The fireside is peculiarly
a British institution, as the people of this country are peculiarly a
home-loving and domestic people. When our countrymen travel abroad, they
uniformly miss the cheerful fireside of their English home, and feel that
the stove, however efficient as a heating apparatus, is a sorry substitue
for the enlivening blaze of a coal-fire, even with the occasional drawback
of a smoky chimney. To an Englishman, the fireside is the emblem of home
comfort. As for our French neighbours, having neither fireside nor home
habits, there is no equivalent term in their language to the English word
comfort. Cowper was the poet of domestic life, and there is nothing finer
in our literature than his tribute to fireside happiness, at the opening
of the "Winter Evening" in "The Task;" and the most charming thing about
it is the homeliness and truthfulness of the picture, which belongs
exclusively to no grade of society, but may, in its essential element, be
realised every winter night in the year, in every well-conditioned
workman's family in the land. Thomas Campbell expressed his admiration for
Cowper's verses in words which render it unnecessary to quote them here,
since the reader can find no stronger inducement to turn up "The Task,"

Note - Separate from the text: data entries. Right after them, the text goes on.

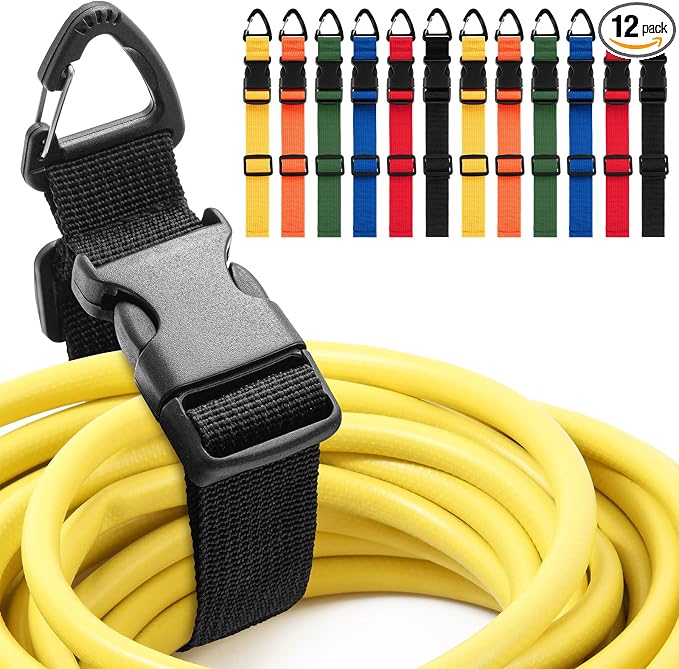 12 Pack Adjustable Extension Cord Holder Straps, Heavy Duty Triangle Clips by Wowangce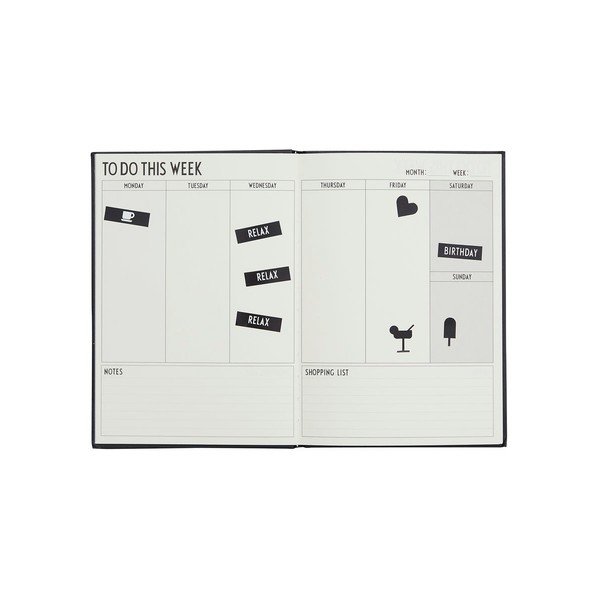 Melns nedēļas plānotājs Design Letters Plans-image-1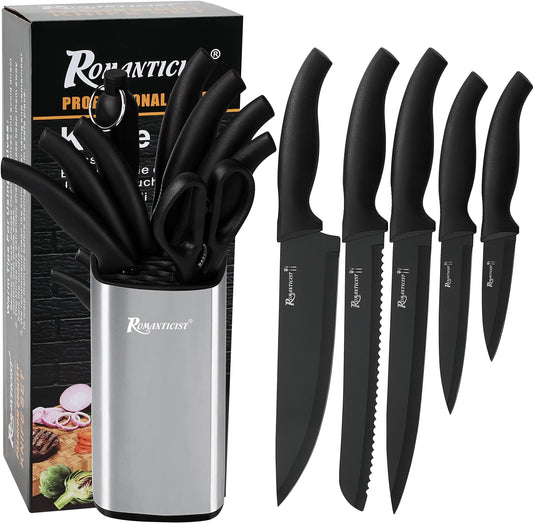 ROMANTICIST Kitchen Knife Set with Block - 8 PCS High Carbon Stainless Steel with Chef's Knife
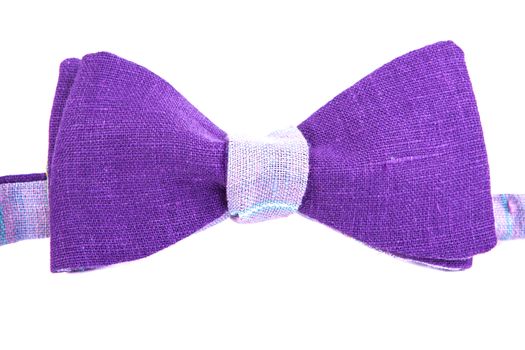 purple bow tie isolated on white background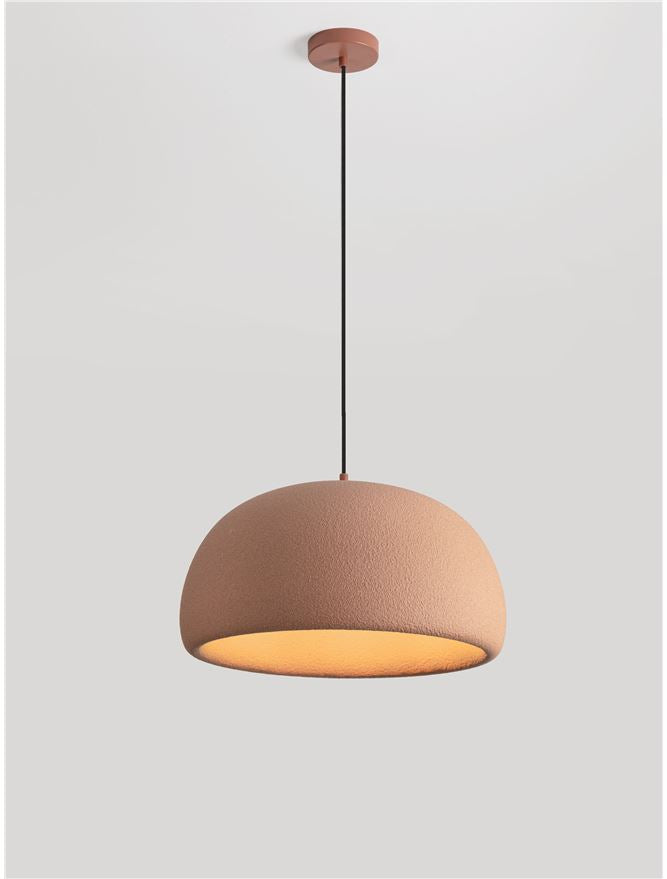 DAV Stone Red Polyurethane Natural Form Medium Semi-Flush Ceiling Light - ID 14499
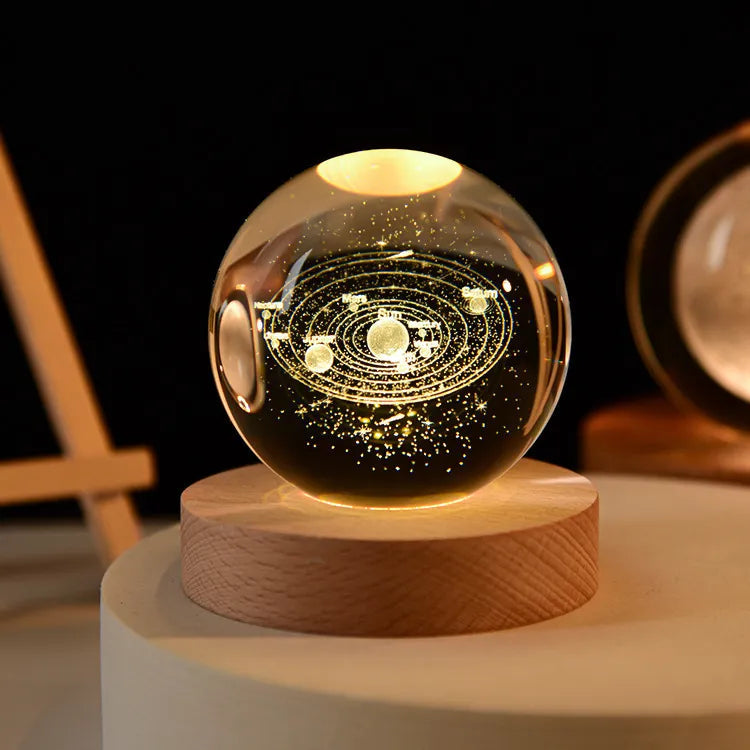 3D Engraved Universe Lamp | Soothing Ambient Light | Crystal Glass & Wood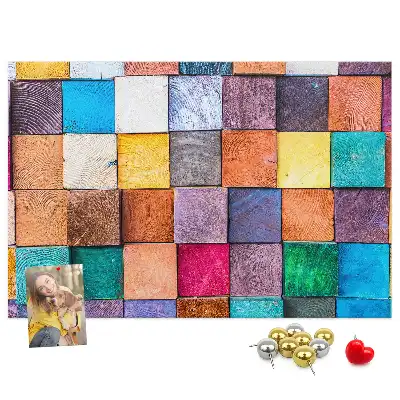 Memobord van kurk Houten blokjes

and peruse, or re-peruse, the passage, than the commendation of one of the
last and best of the British poets. "Of all the verses," says he, "that
have ever been devoted to the subject of domestic happiness, those in his
'Winter Evening,' at the opening of the fourth book of 'The Task,' are
perhaps the most beautiful. In perusing that scene of 'intimate delights,'
'fireside enjoyments,' and 'home-born happiness,' we seem to recover a
part of the forgotten value of existence, when we recognise the means of
its blessedness so widely diffused, and so cheaply attainable; and find
them susceptible of description, at once so enchanting and so faithful."
As we sit absorbed in a
brown study, looking into the parlour fire, and perhaps, like Harley in
the tale, trying to find a body for a Turk's head we have detected amongst
the fantastic shapes of the glowing embers, how rarely does it occur to us
to reflect on the far-seeing wisdom and goodness evinced in preparing the
vast deposits of coal, iron, and other minerals, which minister in such a
remarkable manner to the necessities and comforts of mankind! It was a
striking observation of Playfair's, when speaking of the teachings of
Hut-ton, the founder of the modern geology, that "the mind seemed to grow
giddy by looking so far into the abyss of time; and while we listened,"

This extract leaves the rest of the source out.